ECE alumnus Charles Bunting (MSEE '92, Ph.D. '94) has spent the past 16 years studying interacting signals—both electromagnetic signals in a reverberation chamber and signals of comprehension from students in the classroom.
He was recently named an IEEE Fellow for his educational contributions to electromagnetic compatibility and reverberation chambers. The status of Fellow is one of the most prestigious honors of the institute, bestowed upon less than one-tenth of one percent of the annual voting membership of IEEE.
Electromagnetic compatibility and the reverberation chamber
A reverberation chamber is a highly reflective metal cavity where electromagnetic signals continuously bounce off the walls at all angles and back into the room. Because the room has such a low absorption rate, researchers can achieve strong, homogenous electromagnetic fields with moderate input power.
"It's essentially a microwave oven," says Bunting. "And ours is large enough to park a car inside."
Bunting and his team use the chamber to look at how electronic systems from different industries—avionics, aerospace, automotive, and others—are susceptible to electromagnetic interference.
In a room full of crisscrossing signals, describing electromagnetic field characteristics is a complicated task, so Bunting and his team use statistical tools to make sense of the intersecting complexities.
A lot of the work uses statistical distribution to help other researchers find out how much interference a specific system can tolerate, says Bunting.
"We work with them to make meaningful predictions about the exposure level in an electromagnetic environment," says Bunting.
Applications in space
Bunting and his team are currently working with NASA's Kennedy Space Center to make predictions about the environment in a spacecraft payload fairing.
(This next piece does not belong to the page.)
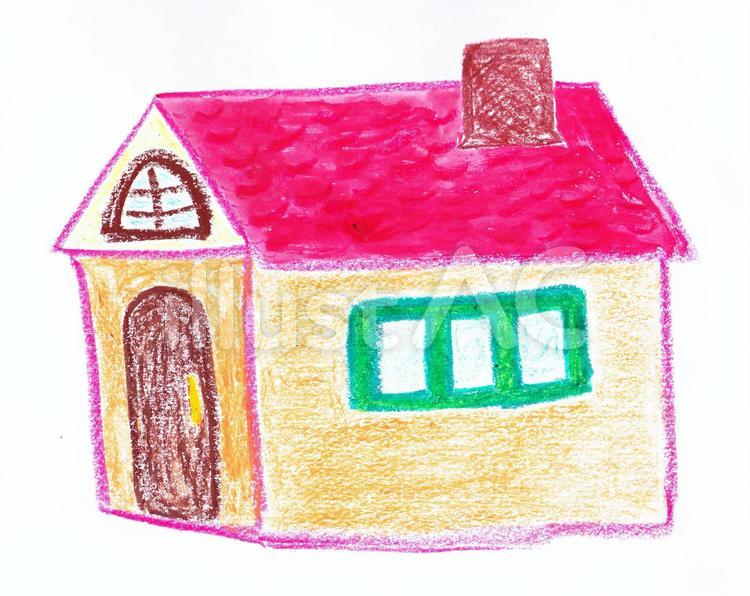 赤い屋根の家イラスト No 無料イラストなら イラストac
The fairing, which is essentially the nose cone of a rocket, is often packed with electronic systems transmitters, receivers, and satellites that are powered up in preparation for space deployment.
Bunting and team are using the reverberation chamber to simulate and understand the high intensity electromagnetic environment experienced by these systems during launch.
Bunting's research addresses electromagnetic interference on (and under) the surface of the planet as well, which is increasingly problematic as the number of wireless devices grows.
For instance, the OSU team is currently working with a company that designs and builds automated wireless digging equipment.
"Equipment signals can be interrupted by power lines, a nearby airport, or even the operator's cellphone" says Bunting. "We're trying to minimize interference and avoid rogue drill bits that might cause infrastructure damage."
After being awarded a Department Level Reform Grant from the National Science Foundation in 2005, Bunting used his experience in front of a classroom as a platform to explore engineering pedagogy.
He implemented what is now referred to as a "flipped classroom" with several junior-level electromagnetism classes and a circuits class. In this model, students read the text and took formative online quizzes outside of class and worked on problems previously relegated to homework in class with their peers.
One of these classes was the subject of Bunting's most-cited paper in a 2011 edition of the Journal of Engineering Education. In this study, he described connecting "the open-ended nature of projects that connected well with higher levels of learning, which, though demonstrably effective via proxy methods, was not reflected in student self-reporting through class surveys."
Educational research, in some respects, is more challenging than reverberation chamber electromagnetic research, says Bunting.
"It's easier to measure electromagnetic signals than the effectiveness of my teaching method," says Bunting. "The scholarship of teaching and learning is a science in and of itself."
Bunting credits Virginia Tech's ECE department, in part, for setting a strong, positive example when he was a student.
"We had room to experiment and take risks, both in our research and in our approach to teaching," says Bunting. "And there was a lot of great pedagogical activity at Virginia Tech."
After Bunting graduated from Virginia Tech, he was an assistant (and then associate) professor in electrical engineering technology at Old Dominion University. In 2001, he moved to Oklahoma State University (OSU) where he was promoted from associate professor to professor in 2011, and then named the Halliburton Professor of Engineering in 2012. He currently serves as the associate dean of research in the OSU College of Engineering, Architecture and Technology.
In 2013, Bunting took on the role of associate dean of research in the College of Engineering, Architecture and Technology at OSU. In this capacity, he has promoted collaborative research, sought unique pathways to funding, and helped faculty members write proposals.
Recently named Bellmon Chair, Bunting continues his research, and will teach a class this spring. He's looking forward to continuing to help people understand the impact of complex environments—both in the classroom and in the reverberation chamber as well as in the ever-evolving research landscape.